Directions for this task:
Return all of the listing word for word; the pictures stay out.
START Input data
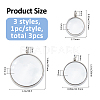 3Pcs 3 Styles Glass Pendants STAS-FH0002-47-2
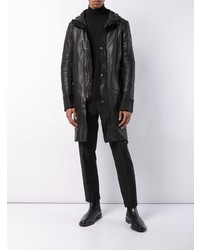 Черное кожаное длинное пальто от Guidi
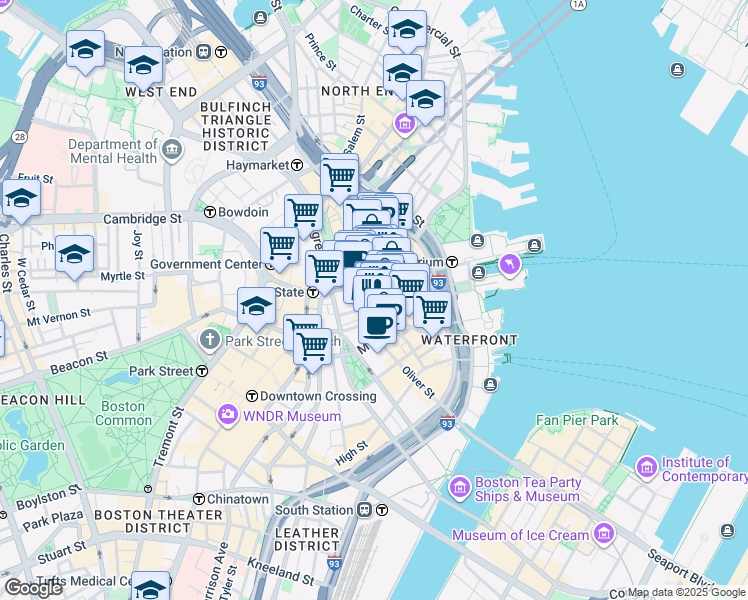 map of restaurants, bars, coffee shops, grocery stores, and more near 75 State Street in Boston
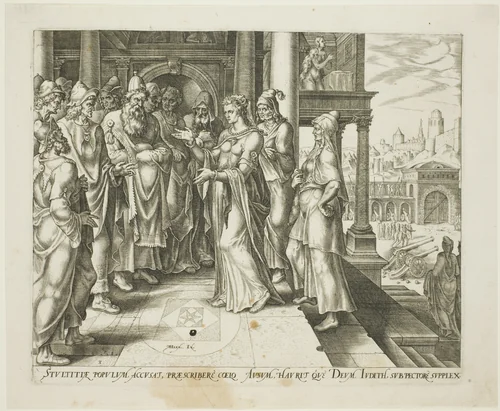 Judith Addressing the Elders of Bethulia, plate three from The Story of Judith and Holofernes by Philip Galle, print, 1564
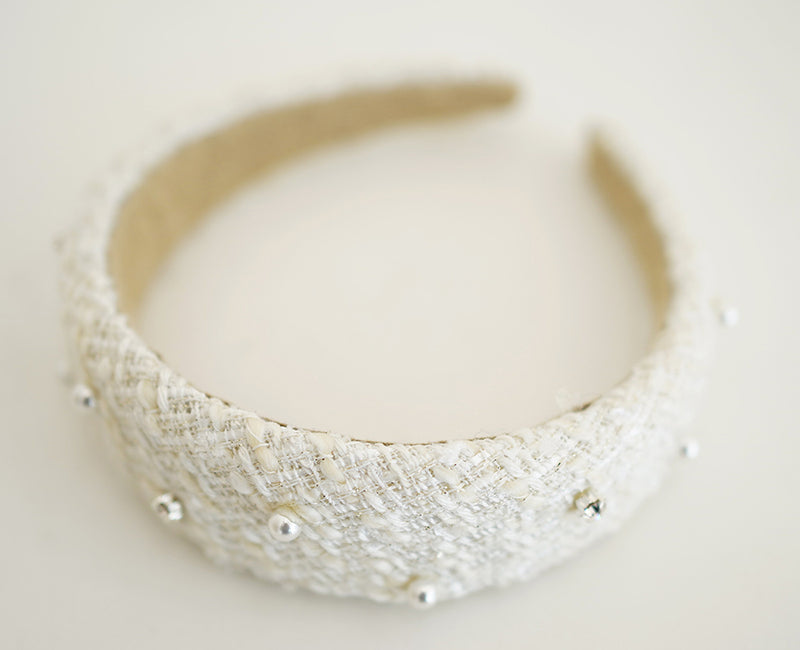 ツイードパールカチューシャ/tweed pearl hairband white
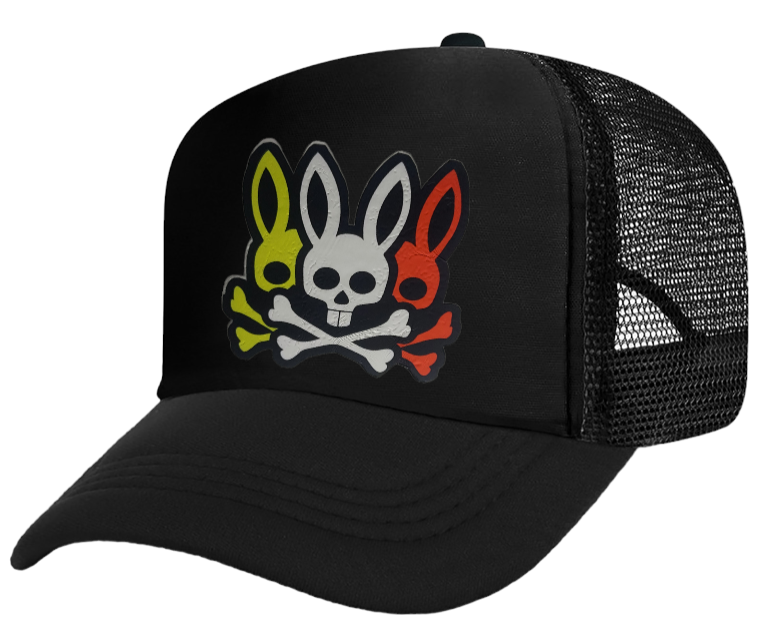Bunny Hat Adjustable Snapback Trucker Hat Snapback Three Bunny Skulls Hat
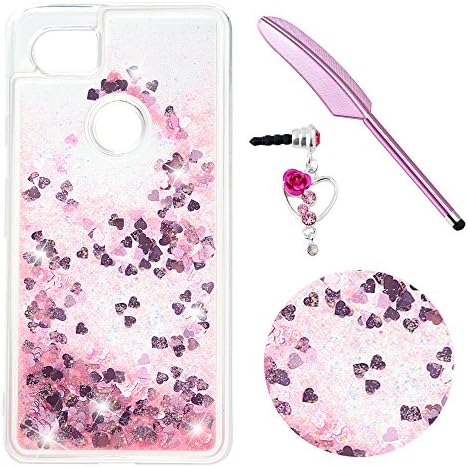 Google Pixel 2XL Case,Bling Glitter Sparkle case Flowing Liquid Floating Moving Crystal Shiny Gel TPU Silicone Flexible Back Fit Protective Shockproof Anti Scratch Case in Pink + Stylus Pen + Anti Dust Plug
END Input data
Task answer:
 3Pcs 3 Styles Glass Pendants STAS-FH0002-47-2
 Черное кожаное длинное пальто от Guidi
 map of restaurants, bars, coffee shops, grocery stores, and more near 75 State Street in Boston
 Judith Addressing the Elders of Bethulia, plate three from The Story of Judith and Holofernes by Philip Galle, print, 1564
 ツイードパールカチューシャ/tweed pearl hairband white
Bunny Hat Adjustable Snapback Trucker Hat Snapback Three Bunny Skulls Hat
 Google Pixel 2XL Case,Bling Glitter Sparkle case Flowing Liquid Floating Moving Crystal Shiny Gel TPU Silicone Flexible Back Fit Protective Shockproof Anti Scratch Case in Pink + Stylus Pen + Anti Dust Plug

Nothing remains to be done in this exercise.